Below, I post a few photos I had taken both of the church and within the catacombs in 1982. Having just bought a slide viewer, it was possible to "take a picture of a picture" and reproduce it here. They show the nitches cut in the limestone tunnel walls which served as resting places for the departed.

The Church of St John, 1982.



Main Corridor, Catacomb of St John. 1982.



Catacomb of St John, 1982. A detail.



Catacomb of St John, 1982. A closer detail.



The Tears of Our Lady, 1982 and now.

Another phenomenon that marks a big difference between 1982 and the present is the Madonna delle Lacrima church which is also in the centre of Siracusa. Literally built around a small, privately-owned ceramic statuette of the Virgin Mary, who on August 29, 1953, began to shed tears, and kept on shedding tears for three days afterwards. This was declared a miracle by the Bishop of Siracusa, and endorsed by the Vatican.

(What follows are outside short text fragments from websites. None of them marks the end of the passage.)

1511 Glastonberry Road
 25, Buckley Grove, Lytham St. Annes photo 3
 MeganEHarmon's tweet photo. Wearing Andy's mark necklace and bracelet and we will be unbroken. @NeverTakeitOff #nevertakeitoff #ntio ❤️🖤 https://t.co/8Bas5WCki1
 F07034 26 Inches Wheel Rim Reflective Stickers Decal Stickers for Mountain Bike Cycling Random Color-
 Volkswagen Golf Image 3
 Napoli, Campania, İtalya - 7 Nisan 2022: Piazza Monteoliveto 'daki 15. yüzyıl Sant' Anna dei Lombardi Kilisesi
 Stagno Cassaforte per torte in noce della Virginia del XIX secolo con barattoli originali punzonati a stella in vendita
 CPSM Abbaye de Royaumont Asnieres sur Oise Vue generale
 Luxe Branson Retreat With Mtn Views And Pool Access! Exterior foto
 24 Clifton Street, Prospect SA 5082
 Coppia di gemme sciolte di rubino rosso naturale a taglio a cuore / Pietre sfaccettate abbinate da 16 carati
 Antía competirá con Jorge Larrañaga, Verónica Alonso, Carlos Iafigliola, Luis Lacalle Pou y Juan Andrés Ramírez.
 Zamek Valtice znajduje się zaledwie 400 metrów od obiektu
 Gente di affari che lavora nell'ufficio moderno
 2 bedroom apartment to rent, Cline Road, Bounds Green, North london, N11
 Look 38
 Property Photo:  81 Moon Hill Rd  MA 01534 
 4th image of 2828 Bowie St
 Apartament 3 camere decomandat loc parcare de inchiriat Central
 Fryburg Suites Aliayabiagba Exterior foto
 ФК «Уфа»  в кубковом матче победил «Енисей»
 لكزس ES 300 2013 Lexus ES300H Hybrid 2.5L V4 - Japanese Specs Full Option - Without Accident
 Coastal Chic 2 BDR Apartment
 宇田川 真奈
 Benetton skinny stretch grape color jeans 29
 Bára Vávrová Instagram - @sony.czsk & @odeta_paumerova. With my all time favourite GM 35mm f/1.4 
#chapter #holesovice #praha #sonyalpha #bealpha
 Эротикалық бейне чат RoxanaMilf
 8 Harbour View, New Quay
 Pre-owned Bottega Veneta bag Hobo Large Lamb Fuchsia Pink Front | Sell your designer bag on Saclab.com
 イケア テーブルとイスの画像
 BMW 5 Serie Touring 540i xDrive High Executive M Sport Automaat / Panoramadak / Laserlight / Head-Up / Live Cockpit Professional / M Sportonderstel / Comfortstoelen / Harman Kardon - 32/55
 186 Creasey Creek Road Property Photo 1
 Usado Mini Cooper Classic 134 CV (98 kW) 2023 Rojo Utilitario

When I arrived at the church for the first time in 1982, only the crypt was built with a wide, circular platform just above ground level serving as the roof. Its construction began in 1966, and by 1982, the edifice remained unfinished, as there was some disagreement on the height and shape of the intended shrine, hence, it wasn't completed until 1994. Thus, the a big difference between 1982 and 2006. The finished structure, seen from the air, looks very much like a serrated ice cream cone that was accidentally dropped, with the cream scattered around the upturned cone. Actually, the structure is meant to represent a teardrop hitting the ground.

The Madonna delle Lacrima, unfinished, 1982.




Inside the crypt, then used for services, 1982.



The finished Madonna delle Lacrima, stock photo.



In 1982, what was meant to be the crypt served as the main church. Above the altar, the small figurine was placed, having been donated to the Church by its original owners soon after the miracle and its ecclesial verification. In 2006, both Alex and I visited the main structure with images of the Madonna displayed around the sanctuary. we then went downstairs. Indeed, this part was the crypt, as originally intended, but this time it looked tired, lacking the freshness so characteristic of 1982.

By describing the Neapolis Archaeological Park, the Catacombs of St John, and the Madonna delle Lacrima, I have covered much of the mainland city of Siracusa. To me, it was an ideal place to stay, especially with easy access to the station.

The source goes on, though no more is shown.